- Records drawn from a dataset
--

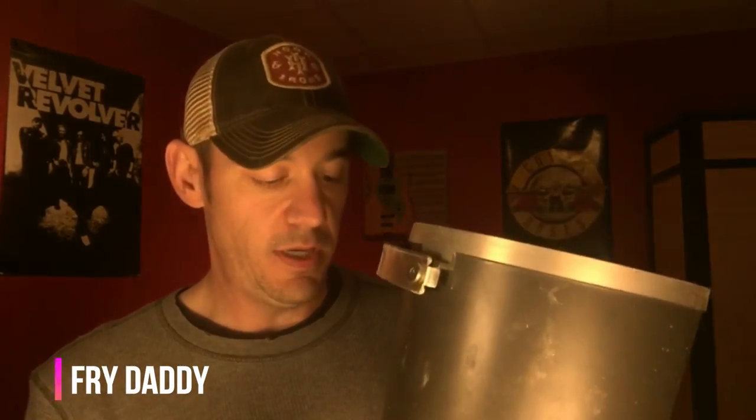One of my buddies picked this up at a yard sale. I told him I was building pickups and he found this at a yard sale for two dollars. The only bad thing about this one is it doesn't have a thermostat on it — if you find one with a thermostat it would probably be a lot better. This one you just basically plug it up and it heats until you unplug it.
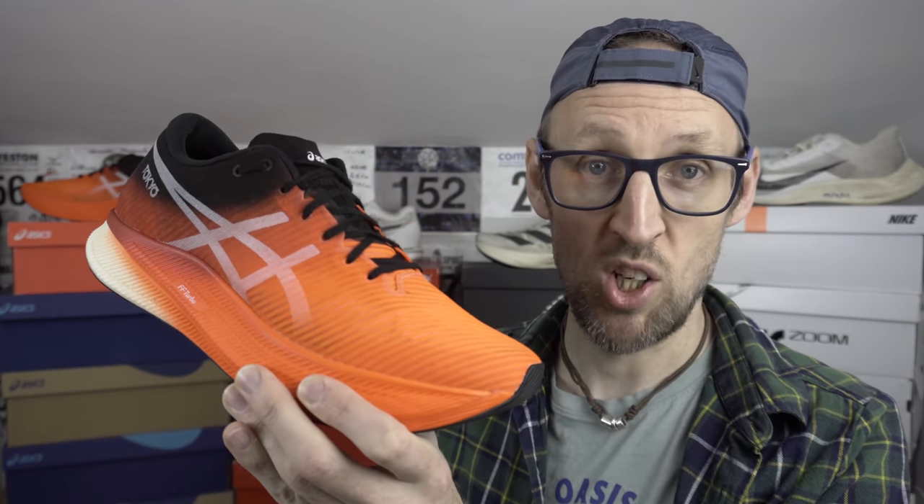The midsole just melts away after a few kilometers and I really enjoyed that quite wide midfoot landing platform. It's made it one of the most enjoyable super shoes to run in that I've tried out this year, and I've tried out almost all of them. Across every pace it just felt really great. I'll give it a 3 out of 3 for midsole after my initial runs.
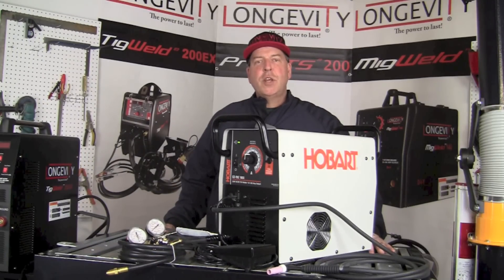Hello and welcome to the Longevity Learning Lab. Today we're going to take a few minutes and look at the features of the Hobart Easy TIG 165i, a 220 volt AC-DC dedicated TIG welding machine that has a 20% duty cycle at 150 amps.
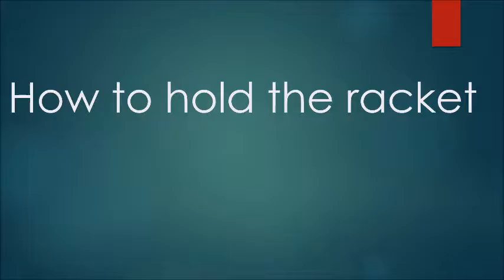How to hold the racket — there are three common ways to hold it, and I'll be teaching you them.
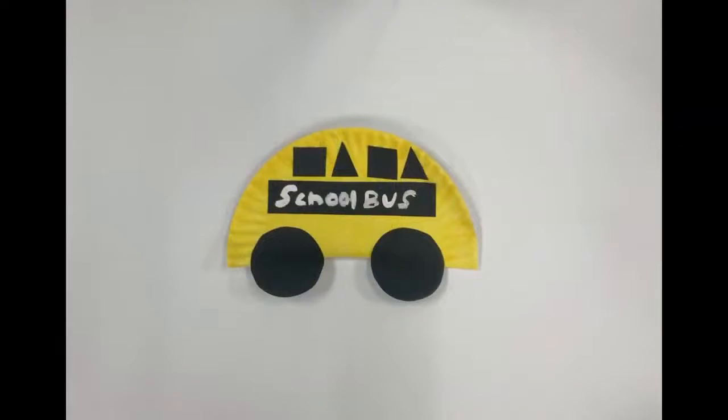Hi, welcome to Craft Time with the Houston Public Library. I'm Caitlin and today we are making the school bus. This craft is intended for ages four and up.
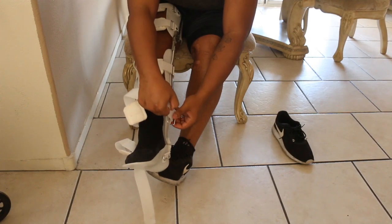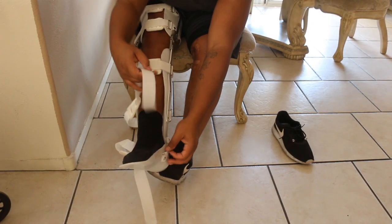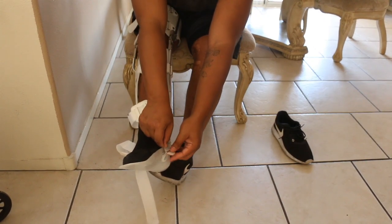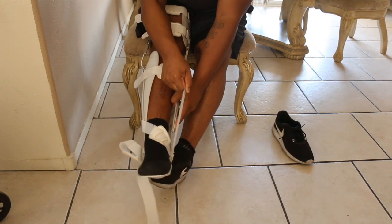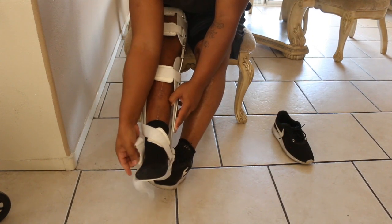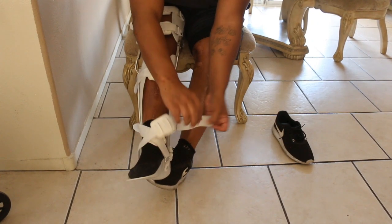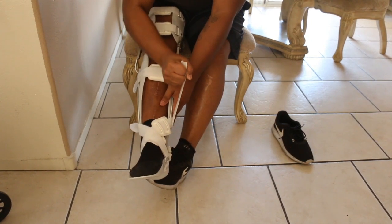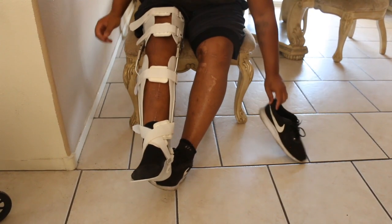There are tons of straps on this thing because it literally takes up your thigh all the way down. The last two straps always get crossed so that your foot can sit flush against the walls of the brace. You just crisscross these. And if anybody's wondering, all these scars on my legs are from road rash from my motorcycle accident.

--

- What you should do
Your answer must be exactly the lines from the one with "The midsole just" through the last line of the entries, both included, with no pictures; please add nothing else.

- Solution for this problem
The midsole just melts away after a few kilometers and I really enjoyed that quite wide midfoot landing platform. It's made it one of the most enjoyable super shoes to run in that I've tried out this year, and I've tried out almost all of them. Across every pace it just felt really great. I'll give it a 3 out of 3 for midsole after my initial runs.
Hello and welcome to the Longevity Learning Lab. Today we're going to take a few minutes and look at the features of the Hobart Easy TIG 165i, a 220 volt AC-DC dedicated TIG welding machine that has a 20% duty cycle at 150 amps.
How to hold the racket — there are three common ways to hold it, and I'll be teaching you them.
Hi, welcome to Craft Time with the Houston Public Library. I'm Caitlin and today we are making the school bus. This craft is intended for ages four and up.
There are tons of straps on this thing because it literally takes up your thigh all the way down. The last two straps always get crossed so that your foot can sit flush against the walls of the brace. You just crisscross these. And if anybody's wondering, all these scars on my legs are from road rash from my motorcycle accident.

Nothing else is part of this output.